WHAT THE TASK ASKS ▸
Which lines run from the one containing "Set lodrash rëre" through the end of the data? Write them out exactly, with the pictures left out.

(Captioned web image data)
○ ○ ○ ○

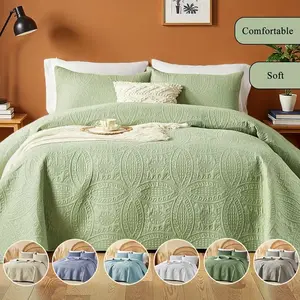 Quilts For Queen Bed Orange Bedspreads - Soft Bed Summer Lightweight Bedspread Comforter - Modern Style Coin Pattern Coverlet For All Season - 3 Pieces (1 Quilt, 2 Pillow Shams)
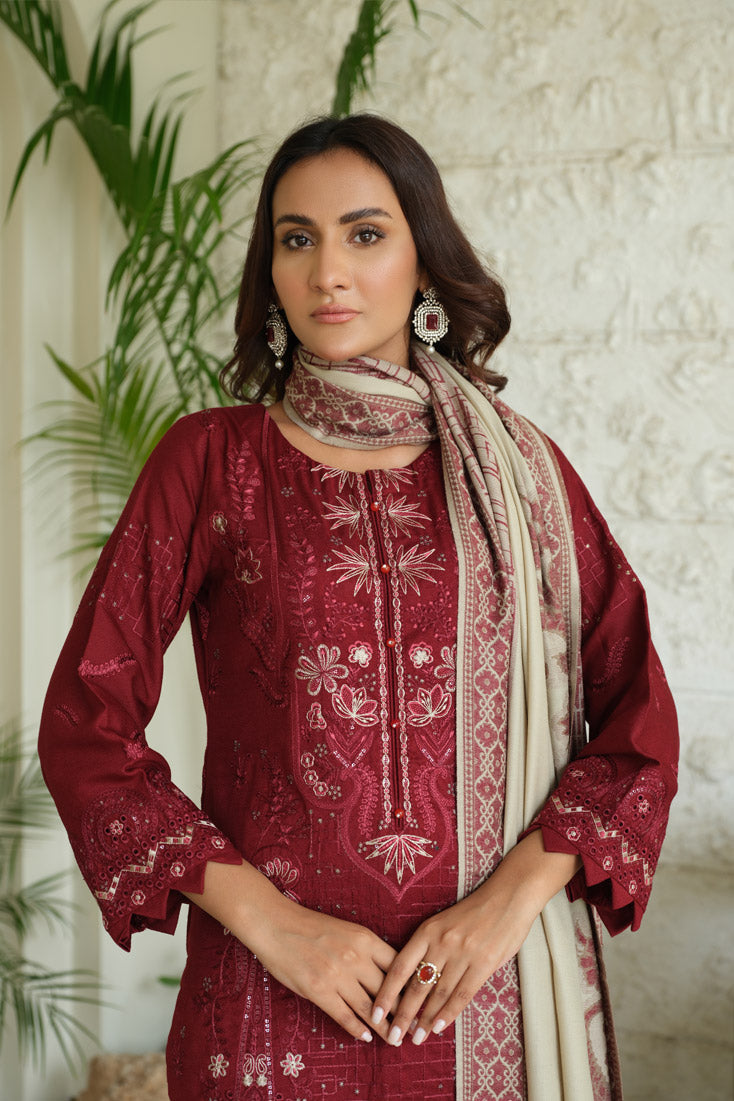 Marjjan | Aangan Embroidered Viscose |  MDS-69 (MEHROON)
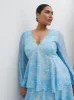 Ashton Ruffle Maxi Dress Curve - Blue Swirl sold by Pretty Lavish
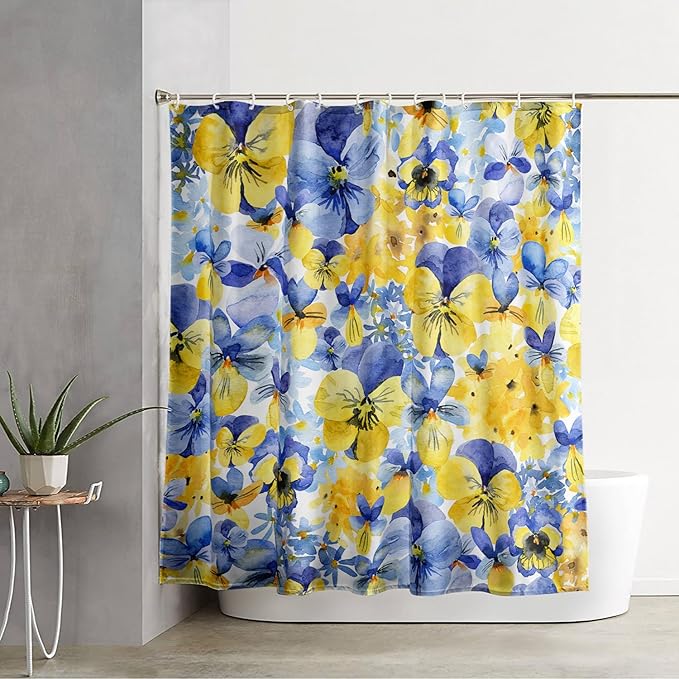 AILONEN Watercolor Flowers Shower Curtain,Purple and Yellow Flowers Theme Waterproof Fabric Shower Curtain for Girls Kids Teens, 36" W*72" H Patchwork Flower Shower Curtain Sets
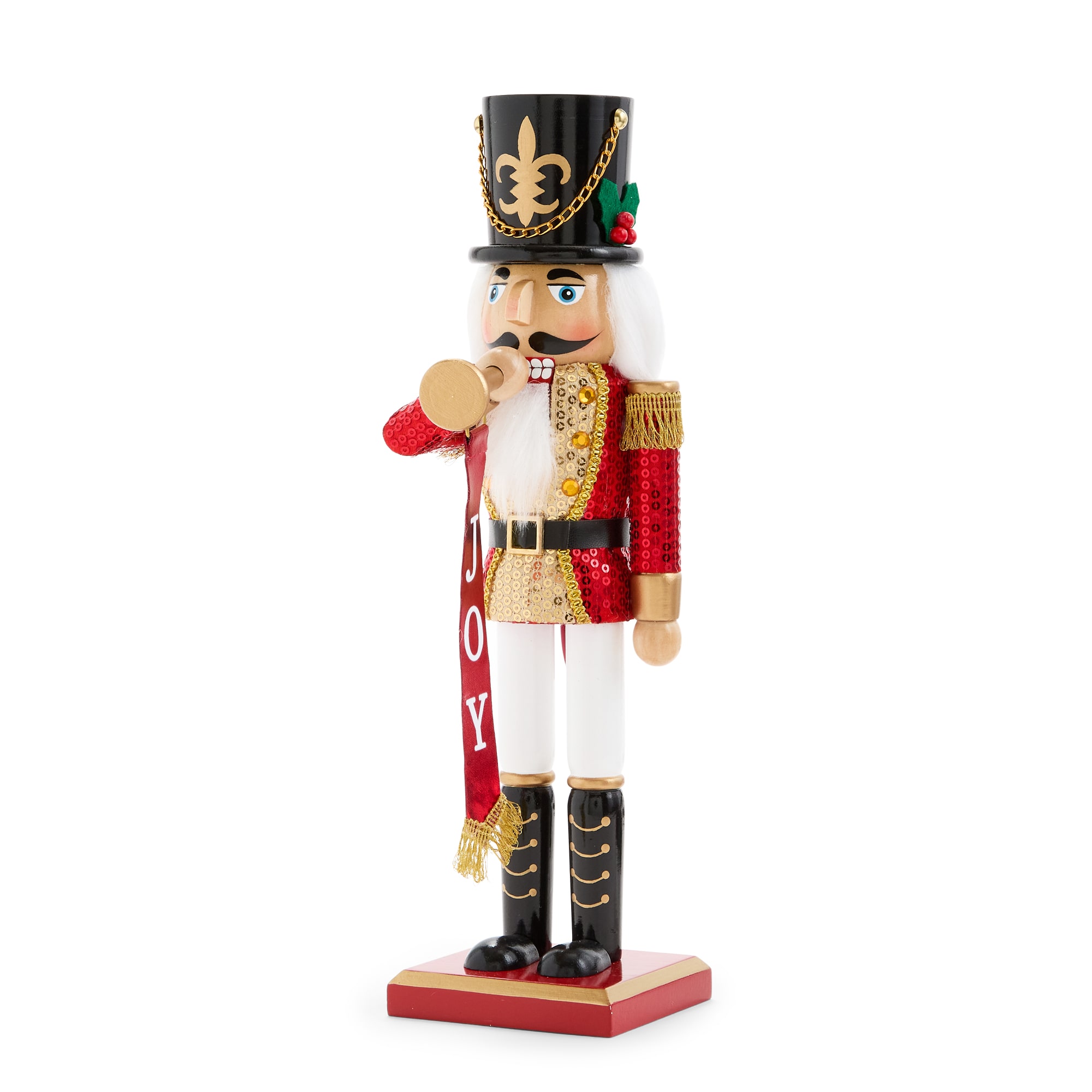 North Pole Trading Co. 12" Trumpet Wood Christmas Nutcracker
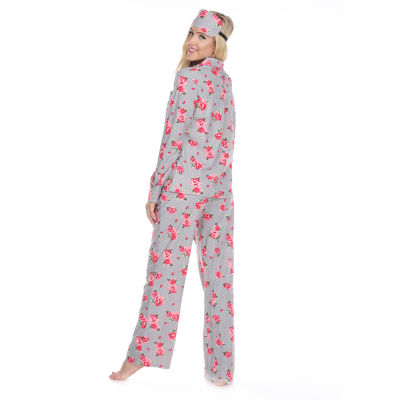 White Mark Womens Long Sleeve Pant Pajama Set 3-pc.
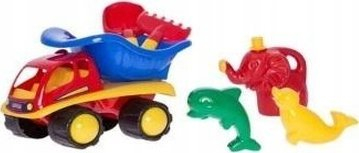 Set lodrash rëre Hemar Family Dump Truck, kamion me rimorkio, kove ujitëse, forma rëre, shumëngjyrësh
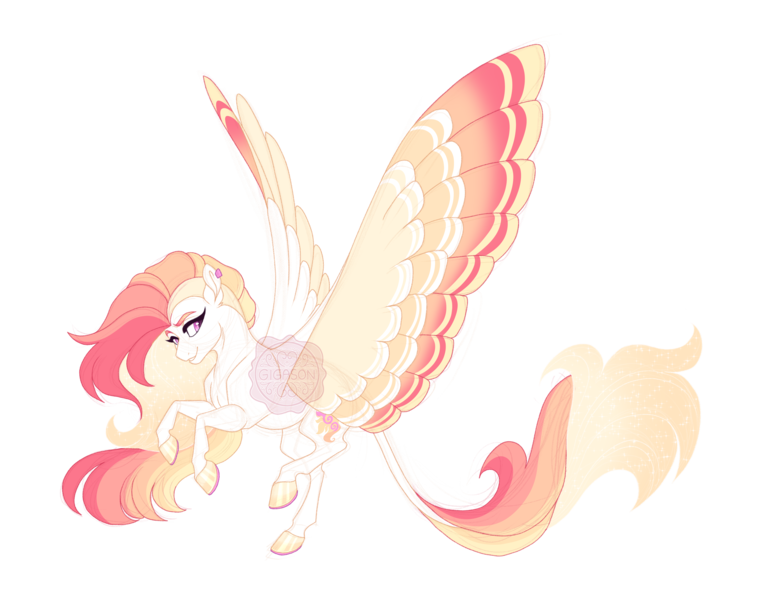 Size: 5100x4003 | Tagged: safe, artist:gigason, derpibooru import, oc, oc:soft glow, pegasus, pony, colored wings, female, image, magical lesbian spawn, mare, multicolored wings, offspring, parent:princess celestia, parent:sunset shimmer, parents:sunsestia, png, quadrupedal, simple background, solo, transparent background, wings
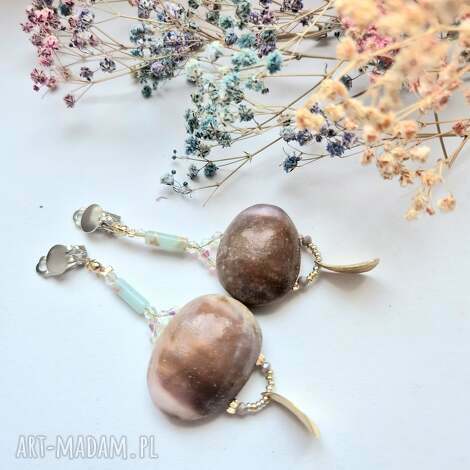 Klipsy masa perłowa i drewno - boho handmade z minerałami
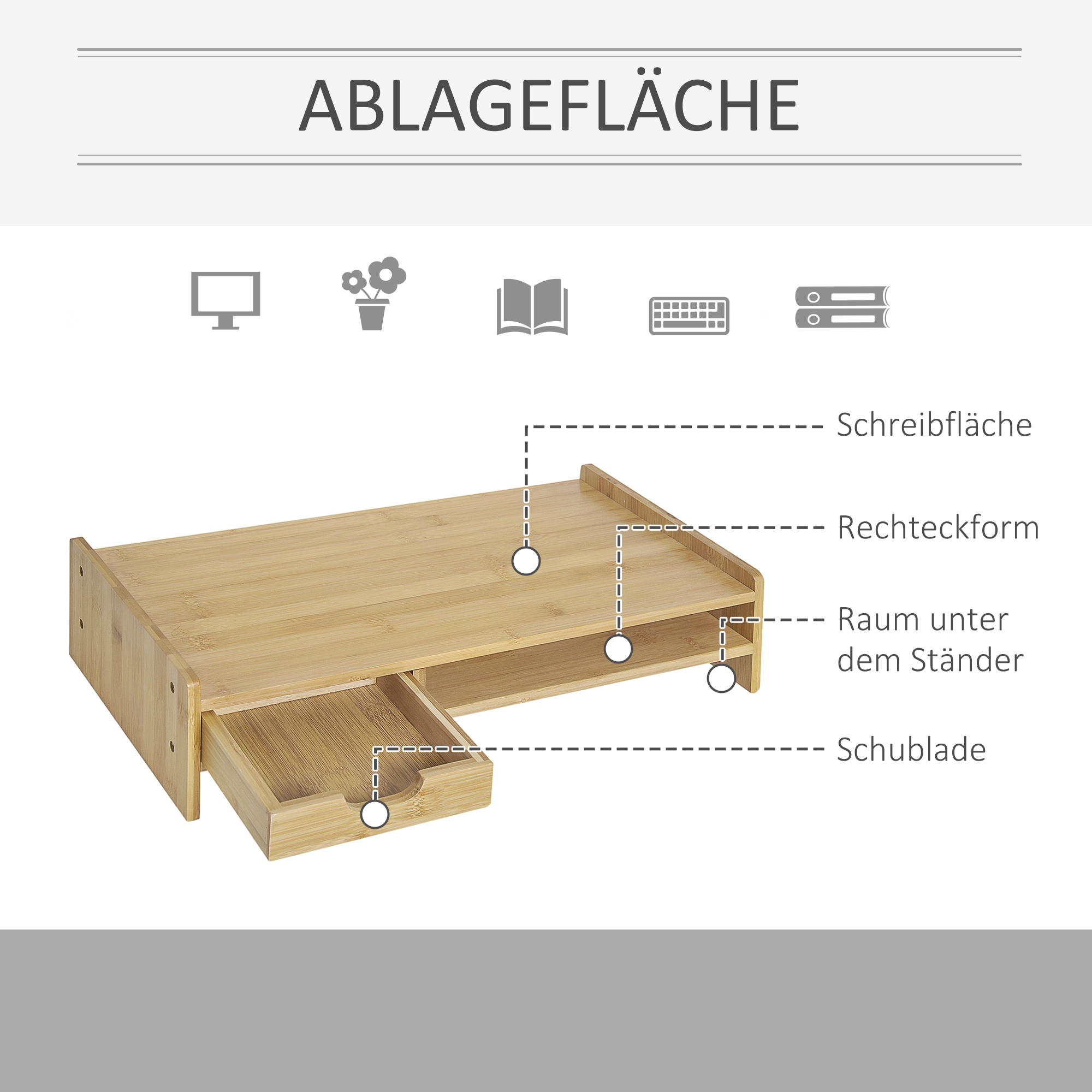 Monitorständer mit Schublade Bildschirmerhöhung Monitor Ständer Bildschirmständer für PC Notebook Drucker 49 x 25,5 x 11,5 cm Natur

○ ○ ○ ○

SOLUTION FOR THIS PROBLEM ▸
 Set lodrash rëre Hemar Family Dump Truck, kamion me rimorkio, kove ujitëse, forma rëre, shumëngjyrësh
 Size: 5100x4003 | Tagged: safe, artist:gigason, derpibooru import, oc, oc:soft glow, pegasus, pony, colored wings, female, image, magical lesbian spawn, mare, multicolored wings, offspring, parent:princess celestia, parent:sunset shimmer, parents:sunsestia, png, quadrupedal, simple background, solo, transparent background, wings
 Klipsy masa perłowa i drewno - boho handmade z minerałami
 Monitorständer mit Schublade Bildschirmerhöhung Monitor Ständer Bildschirmständer für PC Notebook Drucker 49 x 25,5 x 11,5 cm Natur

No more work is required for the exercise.